A heater includes a first rotor rotatably mounted to a support structure, and a first magnet attached to the first rotor. A second rotor is rotatably mounted to the support structure to be substantially coaxial with the first rotor, and a second magnet is attached to the second rotor. A tank that is at least partially formed from an electrically conductive material is disposed between the first rotor and the second rotor. A drive mechanism is configured to rotate the first rotor in a first direction and the second rotor in a second direction opposite the first direction.

Description

TECHNICAL FIELD

The disclosed subject matter relates generally to devices used to heat fluids, and more specifically, to heaters that that utilize magnets to generate heat.

BACKGROUND

Known water heaters generally utilize electrical heating elements or combustion of fossil fuels to generate heat.

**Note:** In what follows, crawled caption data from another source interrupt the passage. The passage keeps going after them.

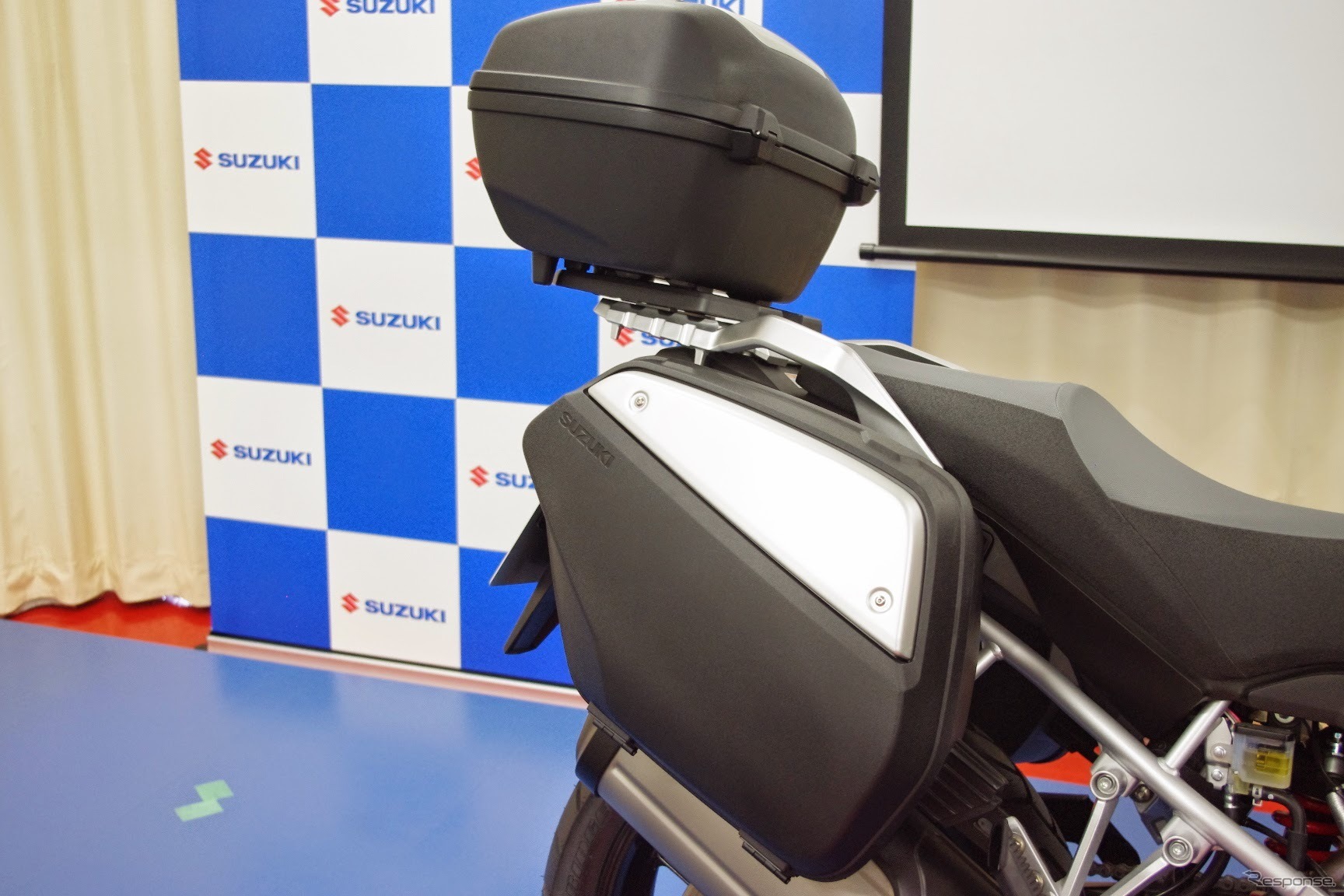 スズキ Vストローム1000 ABS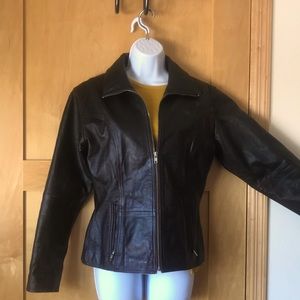 Dark brown size 8 Wilson’s leather jacket 100%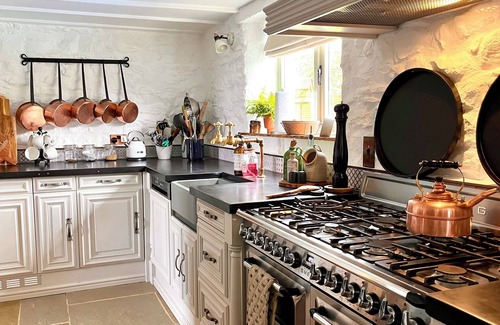 Llanybydder Cottage | Traditional cottage in rural setting near coast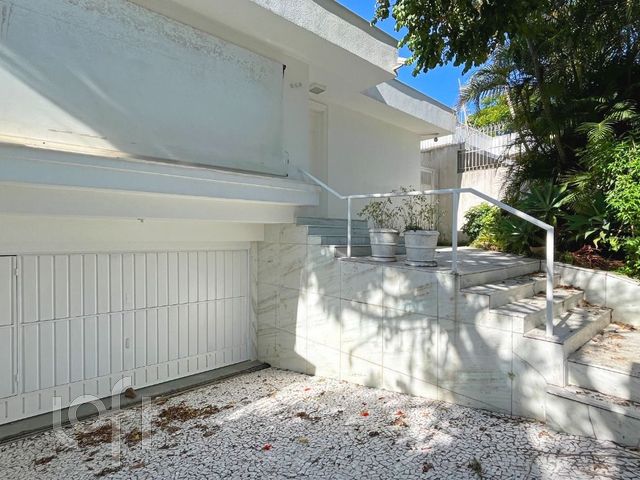 Casa com 268m², 4 dormitórios, 1 suíte, 3 vagas, Três Figueiras em Porto Alegre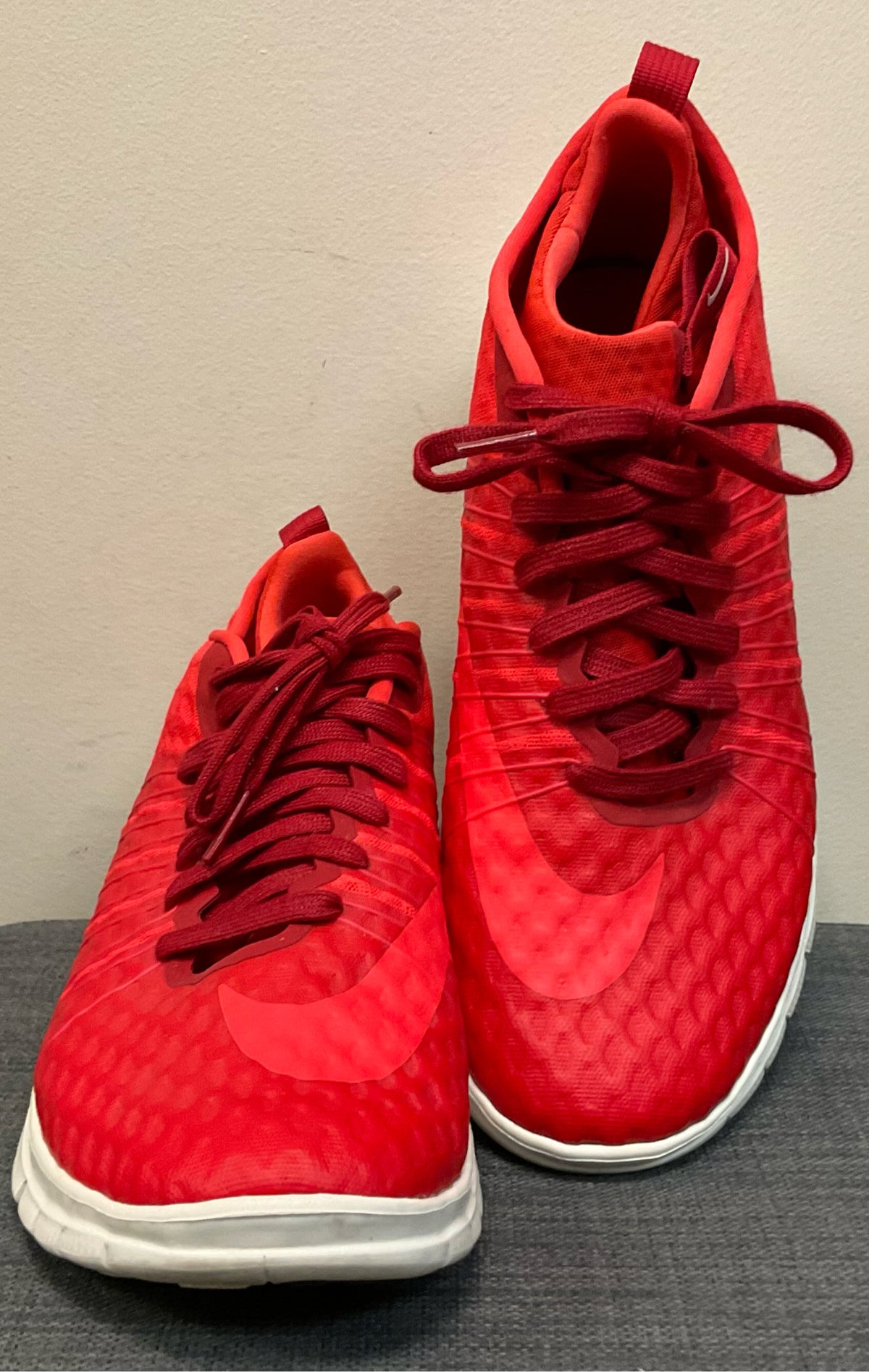 8.5 NIKE Red Sneakers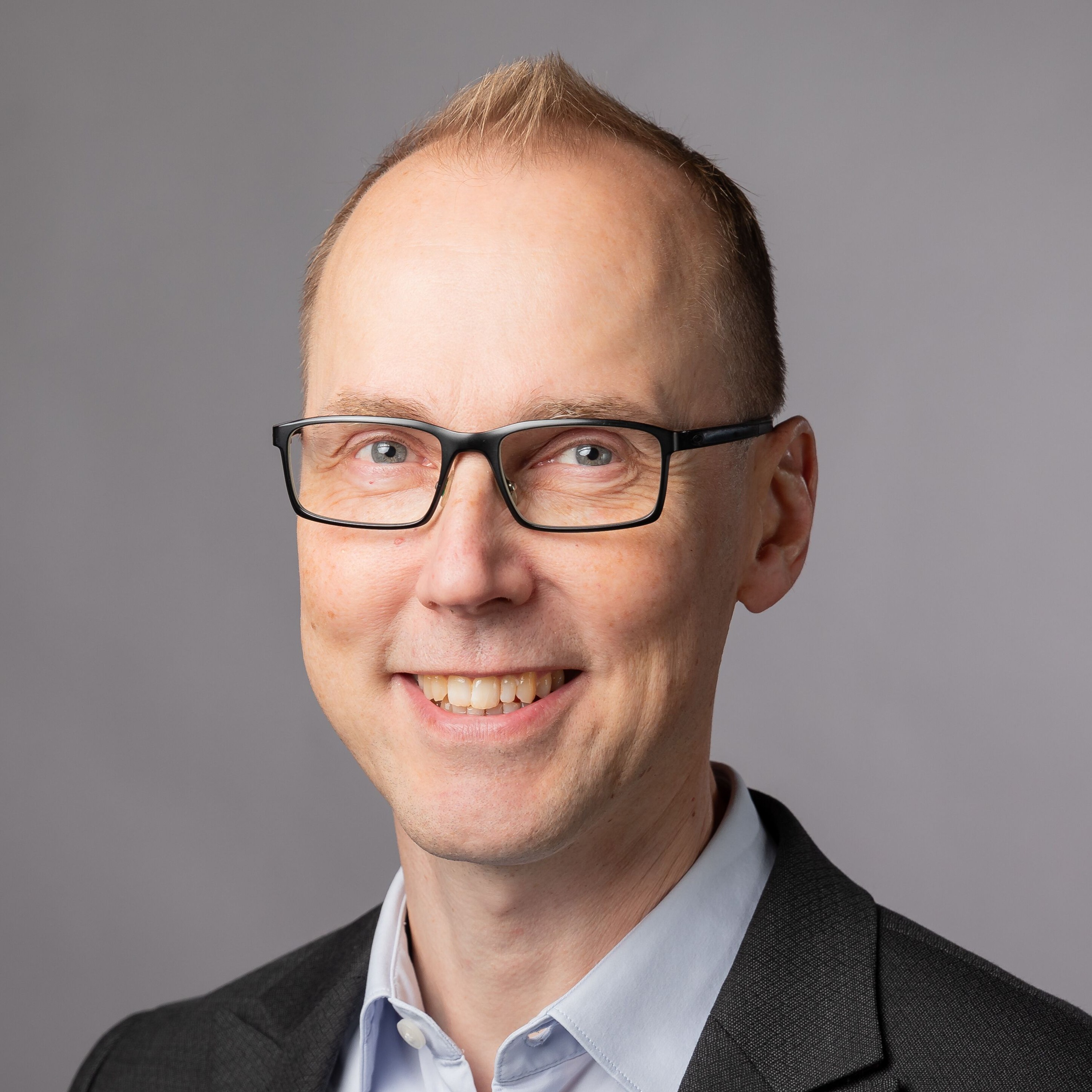 Tomi Westerlund: Älykkäät robotit arjessamme - ystäviä vai uhkia? episode artwork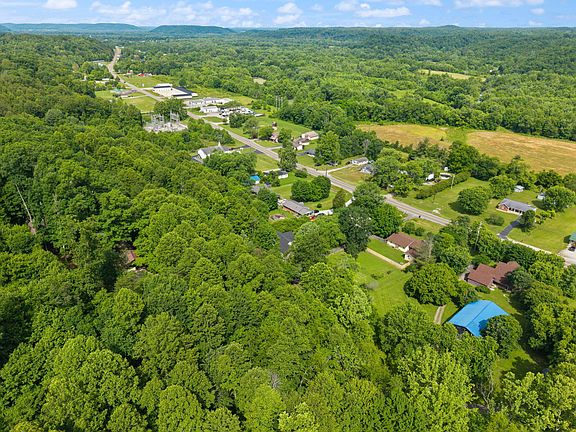 4th image of 95 Hilltop Est
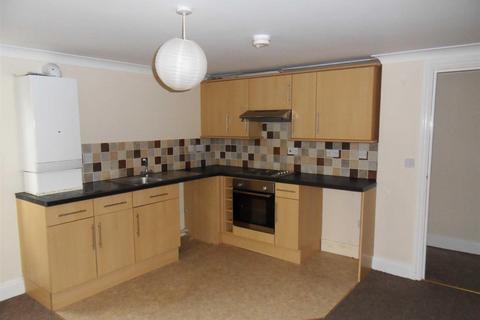 2 bedroom flat to rent, Albert Street, Ramsgate CT11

Electrical heating elements are known to be inefficient and costly to operate. Fossil fuel combustion is inefficient, costly, and often requires complex and costly exhaust systems to transport exhaust gases to a safe discharge location.

Permanent magnet heaters are a known alternative to electrical heating elements and fossil fuel burners. Permanent magnet heaters subject an electrical conductor to a changing magnetic field, thereby producing eddy currents, i.e., a circulating flow of electrons, within the conductor. The flow of the current through the conductor is resisted by the resistance of the conductor, which produces heat. Known magnetic heaters create eddy currents in a stationary conductor by moving permanent magnets relative to a fixed conductor. The heat generated by the eddy currents is then used to heat water. However, a problem exists in that known permanent magnet heaters are inefficient, complex, and cost-prohibitive.

SUMMARY

A first embodiment of a disclosed heater includes a first rotor and a second rotor rotatably mounted to a support structure so that the first rotor is substantially coaxial with the second rotor. Each rotor has a magnet attached thereto. A tank is at least partially formed from an electrically conductive material and is located between the first and second rotors. The heater further includes a drive mechanism to rotate the first rotor in a first direction and the second rotor in a second direction opposite the first direction.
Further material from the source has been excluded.